If you've seen a feature on payday
loans in the media during the last few years there's a good chance that it was
largely negative. As a result, public perception of the industry is equally
unenthusiastic. However, is this bad reputation fully deserved?
The ethics of short-term lenders are
often called into question because of the high interest rates that they charge.
This criticism isn't without some basis either; however, it is often warped by
misguided views of the actual cost of borrowing.
When you see an APR of 1,500% or
more on any form of loan, it's completely natural to question why it's so high.
After all, the current interest rate from the Bank of England stands at a mere
0.5% (correct as at February 2012), so how can lenders justify such a hike?
The truth is simply that APR isn't
necessarily the most accurate measurement for payday loans, or indeed any form
of short-term credit solution. Whilst it would be an exaggeration to claim that
it is entirely misrepresentative, it perhaps doesn't give the clearest
indication of the likely cost to a borrower.
For instance, if you were to take
out a £1,000 loan for 12 months with your bank and they charged 10%, you would
pay £100 in interest. However, if you were to take out a payday loan for £200
with an advertised rate of 1,500%, you wouldn't end up paying £3,000. In fact,
you are far more likely to be charged nearer £50. Confused? Well, let me
explain.
APR stands for Annual Percentage
Rate, as such it reflects the amount charged over the course of a year. Unlike
other forms of lending, payday loans are only available for restricted periods
- often a maximum of a month. Therefore, by applying a full year's worth of
interest, it distorts the figure by a significant margin.
The 15 to 25% you're likely to be
charged is still over and above most other forms of credit, but not by a huge
amount. So perhaps interest isn't the big issue here?
Banks and other institutions have
come in for a lot of criticism ever since the financial meltdown. However, this
pales into insignificance compared with the payday loan industry. There are
many who consider payday loan companies to be bottom feeders, taking advantage
of the most desperate borrowers. But again, this something of a misguided
perception.
Sure, there are some people who get
into difficulties as a result of being unable to repay the loans, but this is
true of almost any form of borrowing.
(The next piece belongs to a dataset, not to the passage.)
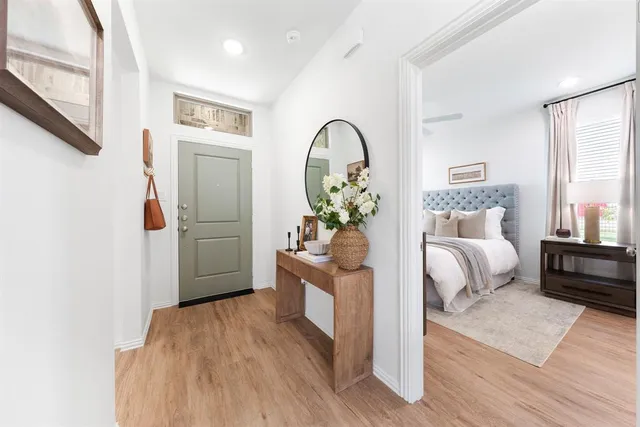 a bedroom with furniture and wooden floor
Consumers default on mortgages, fail to
pay off credit card debt and overlook personal loans all of the time. As a
consequence, most will be charged a set amount and receive a black mark on
their credit rating. The same is true with payday loans.
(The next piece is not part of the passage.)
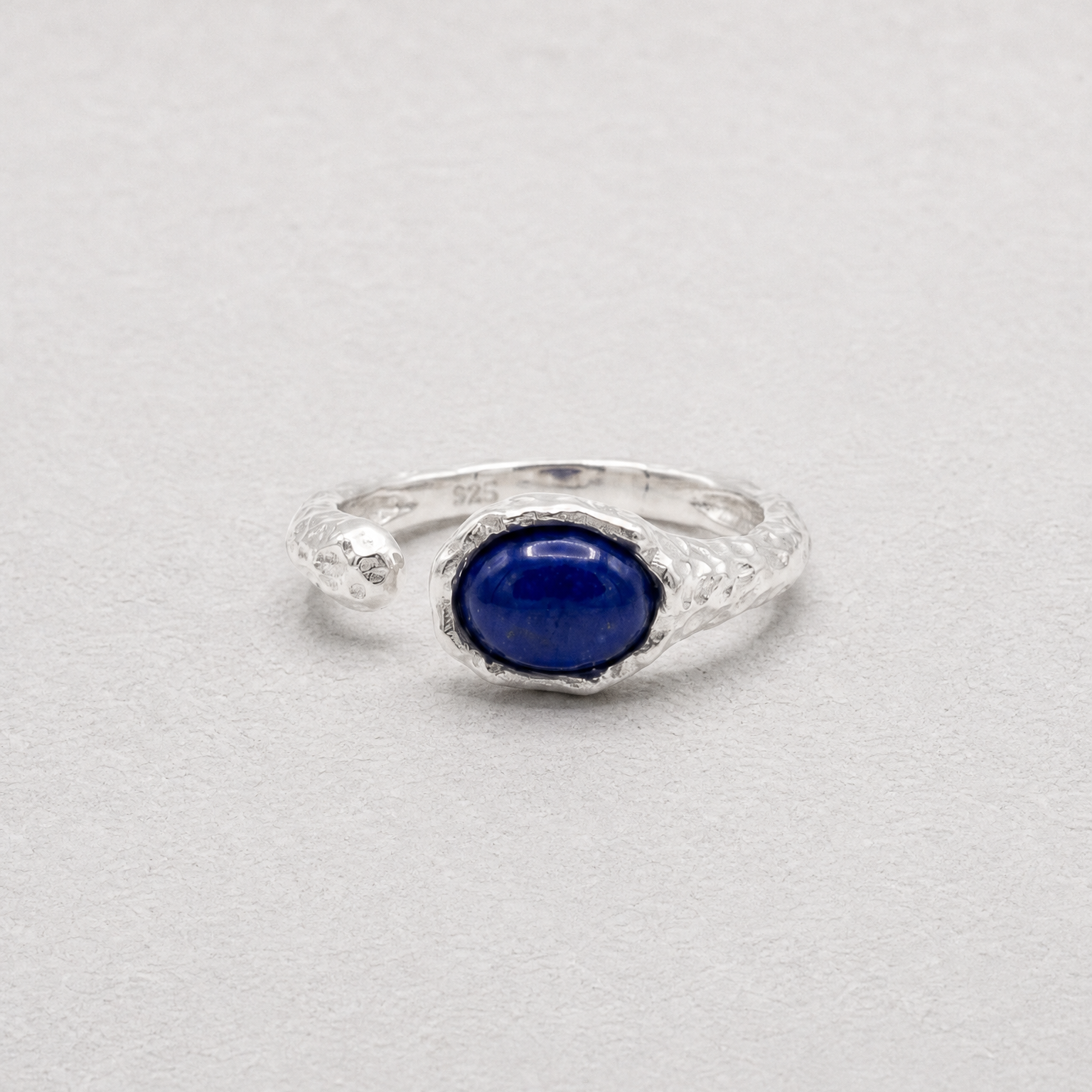 A sterling silver ring featuring a central oval cabochon lapis lazuli stone, photographed on a neutral light gray background.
The only major difference is the
fact that payday loans are charged either on a daily or monthly basis. As a
result, charges and added interest can spiral out of control within just a few
months, making it increasingly difficult to repay. This is why it is so
important that borrowers understand what it is that they're signing up for
before applying and don't take undue risks.
However, it is important to remember
that for many people, payday loans offer the only realistic borrowing option.
With banks unable or unwilling to help millions of consumers, they are forced
to either miss payments on existing debt or source a payday loan. It might not
be many people's preferred option; however, for some it is their only one. Does
this mean that they are intrinsically bad?